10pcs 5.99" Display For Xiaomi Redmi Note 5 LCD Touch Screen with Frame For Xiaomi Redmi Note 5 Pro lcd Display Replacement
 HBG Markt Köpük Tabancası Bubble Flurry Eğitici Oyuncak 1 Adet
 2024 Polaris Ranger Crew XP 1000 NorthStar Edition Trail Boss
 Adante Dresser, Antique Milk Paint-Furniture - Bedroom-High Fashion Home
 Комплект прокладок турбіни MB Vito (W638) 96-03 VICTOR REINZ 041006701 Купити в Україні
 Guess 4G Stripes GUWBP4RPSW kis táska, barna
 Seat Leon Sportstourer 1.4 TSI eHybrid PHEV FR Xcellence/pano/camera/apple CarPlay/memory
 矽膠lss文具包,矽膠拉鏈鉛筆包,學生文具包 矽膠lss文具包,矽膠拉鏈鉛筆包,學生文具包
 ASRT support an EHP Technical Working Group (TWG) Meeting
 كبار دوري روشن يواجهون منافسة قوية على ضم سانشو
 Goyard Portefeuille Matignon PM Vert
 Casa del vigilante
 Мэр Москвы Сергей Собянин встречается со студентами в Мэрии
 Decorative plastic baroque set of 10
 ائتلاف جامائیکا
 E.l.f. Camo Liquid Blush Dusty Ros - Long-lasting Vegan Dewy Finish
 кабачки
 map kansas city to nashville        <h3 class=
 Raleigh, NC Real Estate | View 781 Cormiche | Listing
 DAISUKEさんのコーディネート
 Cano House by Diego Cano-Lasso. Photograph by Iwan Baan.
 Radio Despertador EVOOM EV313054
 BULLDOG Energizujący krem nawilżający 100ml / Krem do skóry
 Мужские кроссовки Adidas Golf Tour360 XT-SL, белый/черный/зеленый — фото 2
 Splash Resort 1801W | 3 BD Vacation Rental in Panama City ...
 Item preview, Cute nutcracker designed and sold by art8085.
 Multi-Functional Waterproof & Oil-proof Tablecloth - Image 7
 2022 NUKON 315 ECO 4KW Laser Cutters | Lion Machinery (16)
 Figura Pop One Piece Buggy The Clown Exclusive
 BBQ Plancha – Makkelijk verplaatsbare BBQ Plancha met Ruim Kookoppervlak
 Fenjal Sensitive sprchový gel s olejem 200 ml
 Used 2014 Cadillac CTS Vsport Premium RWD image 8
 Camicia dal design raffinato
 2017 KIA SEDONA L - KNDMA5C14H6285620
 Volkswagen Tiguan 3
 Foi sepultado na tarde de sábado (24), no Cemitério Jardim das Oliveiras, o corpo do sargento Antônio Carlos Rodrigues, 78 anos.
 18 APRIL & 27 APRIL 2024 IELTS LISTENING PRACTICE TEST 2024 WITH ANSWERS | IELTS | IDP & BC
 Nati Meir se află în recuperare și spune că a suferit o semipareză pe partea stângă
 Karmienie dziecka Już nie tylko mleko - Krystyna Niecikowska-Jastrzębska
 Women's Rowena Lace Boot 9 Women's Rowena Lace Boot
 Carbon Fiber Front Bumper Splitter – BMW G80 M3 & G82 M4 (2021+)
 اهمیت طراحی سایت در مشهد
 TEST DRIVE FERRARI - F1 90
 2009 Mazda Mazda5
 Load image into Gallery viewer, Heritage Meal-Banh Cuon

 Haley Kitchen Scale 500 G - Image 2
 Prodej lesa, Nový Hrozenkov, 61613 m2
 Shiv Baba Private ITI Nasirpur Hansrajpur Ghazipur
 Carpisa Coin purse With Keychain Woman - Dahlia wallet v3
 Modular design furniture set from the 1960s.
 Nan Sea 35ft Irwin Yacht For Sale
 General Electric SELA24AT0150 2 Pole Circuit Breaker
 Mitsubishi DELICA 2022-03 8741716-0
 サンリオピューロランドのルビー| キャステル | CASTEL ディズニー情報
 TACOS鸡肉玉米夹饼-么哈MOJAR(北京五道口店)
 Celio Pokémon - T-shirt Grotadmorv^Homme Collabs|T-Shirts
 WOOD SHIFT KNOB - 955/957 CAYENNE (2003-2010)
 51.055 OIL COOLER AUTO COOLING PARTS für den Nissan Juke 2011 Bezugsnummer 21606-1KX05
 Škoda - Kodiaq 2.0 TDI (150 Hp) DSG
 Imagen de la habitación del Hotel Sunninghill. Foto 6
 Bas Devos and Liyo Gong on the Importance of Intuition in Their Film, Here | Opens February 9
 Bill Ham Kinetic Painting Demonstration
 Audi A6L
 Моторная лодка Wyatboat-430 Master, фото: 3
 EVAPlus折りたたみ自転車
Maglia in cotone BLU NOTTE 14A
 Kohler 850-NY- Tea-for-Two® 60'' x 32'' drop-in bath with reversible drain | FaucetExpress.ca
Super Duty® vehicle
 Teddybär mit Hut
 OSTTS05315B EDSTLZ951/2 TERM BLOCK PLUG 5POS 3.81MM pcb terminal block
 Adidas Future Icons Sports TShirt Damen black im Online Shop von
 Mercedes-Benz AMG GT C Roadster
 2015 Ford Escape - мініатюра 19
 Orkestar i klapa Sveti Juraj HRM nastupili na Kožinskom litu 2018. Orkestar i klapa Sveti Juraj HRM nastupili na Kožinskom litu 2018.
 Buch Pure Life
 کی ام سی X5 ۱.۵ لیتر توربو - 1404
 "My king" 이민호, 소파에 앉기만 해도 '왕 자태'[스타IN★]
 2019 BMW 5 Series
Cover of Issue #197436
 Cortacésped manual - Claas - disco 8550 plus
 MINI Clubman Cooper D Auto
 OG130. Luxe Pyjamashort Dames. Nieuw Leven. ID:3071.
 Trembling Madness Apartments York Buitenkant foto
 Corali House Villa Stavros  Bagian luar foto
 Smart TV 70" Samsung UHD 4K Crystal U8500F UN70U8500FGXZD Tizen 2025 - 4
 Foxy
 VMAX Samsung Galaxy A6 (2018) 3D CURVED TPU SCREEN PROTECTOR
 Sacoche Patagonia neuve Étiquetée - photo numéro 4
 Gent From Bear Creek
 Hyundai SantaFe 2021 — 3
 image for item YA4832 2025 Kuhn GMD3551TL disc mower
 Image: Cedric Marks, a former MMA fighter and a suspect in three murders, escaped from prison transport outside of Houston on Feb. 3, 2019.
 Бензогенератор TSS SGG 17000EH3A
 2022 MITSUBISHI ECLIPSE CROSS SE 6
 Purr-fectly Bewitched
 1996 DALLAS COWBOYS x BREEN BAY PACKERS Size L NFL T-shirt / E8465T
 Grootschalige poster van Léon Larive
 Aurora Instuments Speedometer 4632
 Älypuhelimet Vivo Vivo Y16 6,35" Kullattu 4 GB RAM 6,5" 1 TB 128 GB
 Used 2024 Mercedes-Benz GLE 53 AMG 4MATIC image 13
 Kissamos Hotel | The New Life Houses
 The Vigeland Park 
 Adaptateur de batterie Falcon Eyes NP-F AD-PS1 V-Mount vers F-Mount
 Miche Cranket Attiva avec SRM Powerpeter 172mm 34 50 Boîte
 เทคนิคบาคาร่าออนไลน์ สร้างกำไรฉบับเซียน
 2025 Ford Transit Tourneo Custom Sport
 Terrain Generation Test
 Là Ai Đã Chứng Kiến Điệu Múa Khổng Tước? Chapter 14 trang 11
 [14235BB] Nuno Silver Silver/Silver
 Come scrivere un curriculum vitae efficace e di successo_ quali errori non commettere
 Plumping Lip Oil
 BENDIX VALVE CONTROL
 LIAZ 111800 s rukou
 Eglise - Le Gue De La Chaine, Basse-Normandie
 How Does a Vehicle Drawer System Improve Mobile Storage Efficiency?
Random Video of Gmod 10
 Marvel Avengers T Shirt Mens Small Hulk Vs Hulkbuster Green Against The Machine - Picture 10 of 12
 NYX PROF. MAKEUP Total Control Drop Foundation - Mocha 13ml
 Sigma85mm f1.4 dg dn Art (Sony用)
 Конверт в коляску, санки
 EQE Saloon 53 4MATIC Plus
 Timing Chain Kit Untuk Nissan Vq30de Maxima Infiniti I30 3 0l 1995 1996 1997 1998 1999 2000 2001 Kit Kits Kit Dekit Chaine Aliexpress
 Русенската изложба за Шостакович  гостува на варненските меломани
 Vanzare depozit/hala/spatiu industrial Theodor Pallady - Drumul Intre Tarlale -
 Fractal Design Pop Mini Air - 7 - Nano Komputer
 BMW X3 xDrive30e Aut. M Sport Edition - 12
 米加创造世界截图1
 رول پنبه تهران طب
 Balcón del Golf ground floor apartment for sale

### Activity
In the entries above, restate word for word the lines between the one holding "Sacoche Patagonia neuve" and the one holding "Adaptateur de batterie", inclusive, and nothing besides.

### Solution for this exercise
 Sacoche Patagonia neuve Étiquetée - photo numéro 4
 Gent From Bear Creek
 Hyundai SantaFe 2021 — 3
 image for item YA4832 2025 Kuhn GMD3551TL disc mower
 Image: Cedric Marks, a former MMA fighter and a suspect in three murders, escaped from prison transport outside of Houston on Feb. 3, 2019.
 Бензогенератор TSS SGG 17000EH3A
 2022 MITSUBISHI ECLIPSE CROSS SE 6
 Purr-fectly Bewitched
 1996 DALLAS COWBOYS x BREEN BAY PACKERS Size L NFL T-shirt / E8465T
 Grootschalige poster van Léon Larive
 Aurora Instuments Speedometer 4632
 Älypuhelimet Vivo Vivo Y16 6,35" Kullattu 4 GB RAM 6,5" 1 TB 128 GB
 Used 2024 Mercedes-Benz GLE 53 AMG 4MATIC image 13
 Kissamos Hotel | The New Life Houses
 The Vigeland Park 
 Adaptateur de batterie Falcon Eyes NP-F AD-PS1 V-Mount vers F-Mount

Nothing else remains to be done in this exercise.